■ **Task objective**: Please copy out the full listing that follows exactly; no picture belongs in the copy.

■ **Dataset section**:
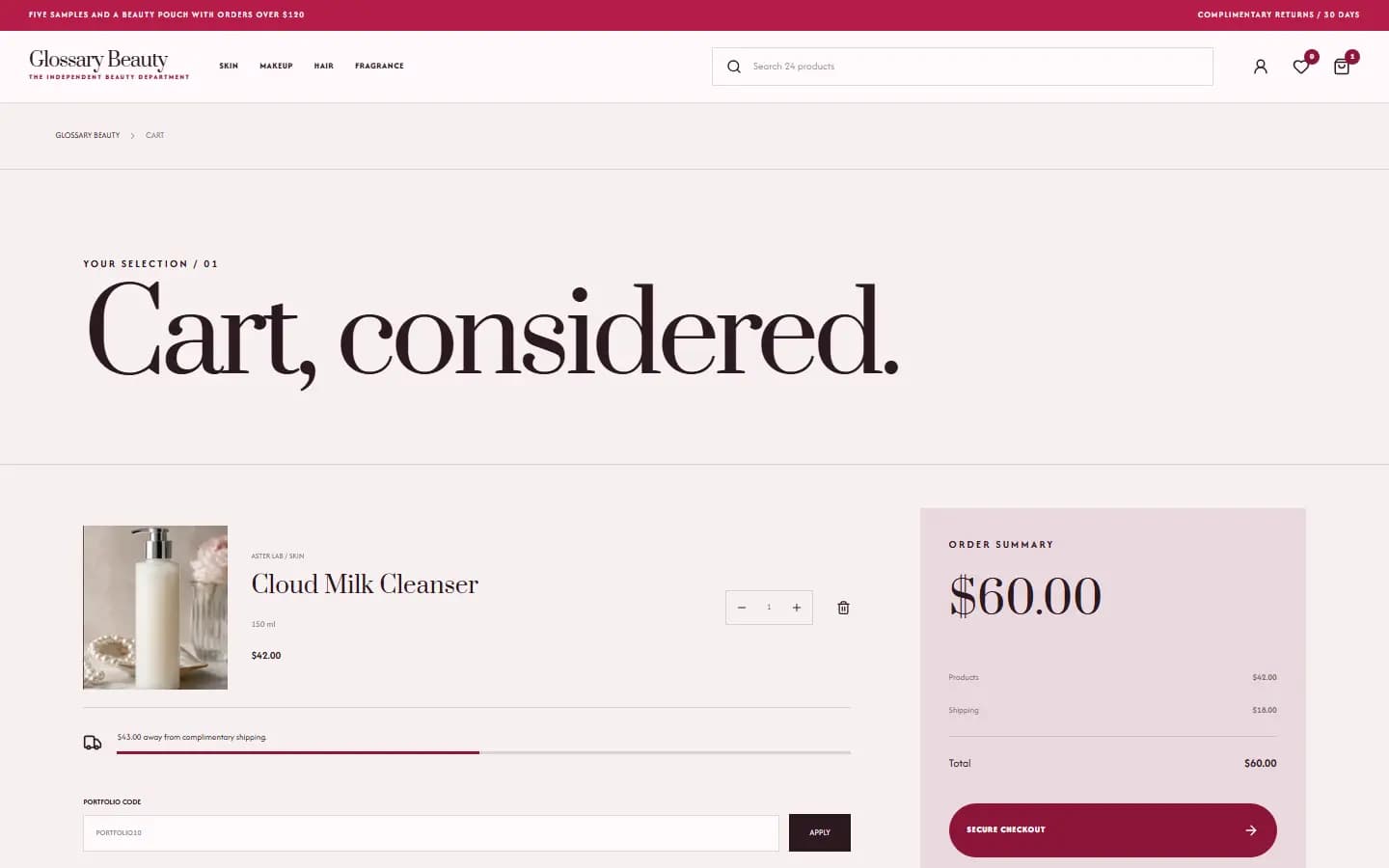GLOSSARY BEAUTY — Cart website screenshot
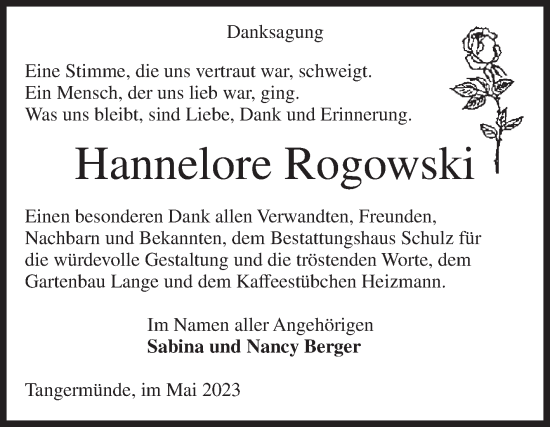 Traueranzeige von Hannelore Rogowski von Volksstimme Altmark Ost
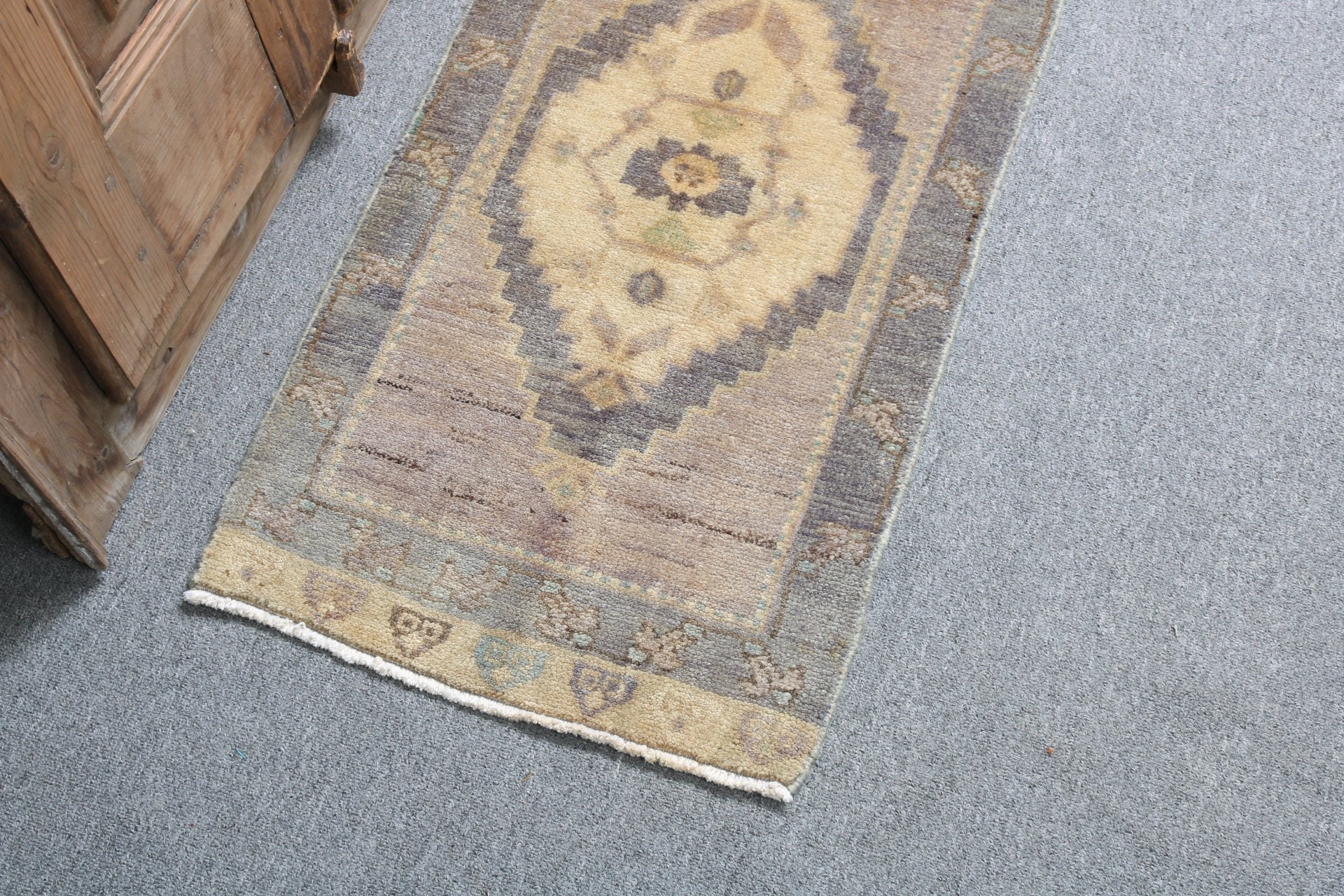 Beige Handwoven Rug, Turkish Rugs, Rugs for Kitchen, Vintage Rug, 1.5x2.9 ft Small Rugs, Bedroom Rug, Nursery Rug, Floor Rug, Neutral Rugs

■ **The completed task**:
GLOSSARY BEAUTY — Cart website screenshot
 Traueranzeige von Hannelore Rogowski von Volksstimme Altmark Ost
 Beige Handwoven Rug, Turkish Rugs, Rugs for Kitchen, Vintage Rug, 1.5x2.9 ft Small Rugs, Bedroom Rug, Nursery Rug, Floor Rug, Neutral Rugs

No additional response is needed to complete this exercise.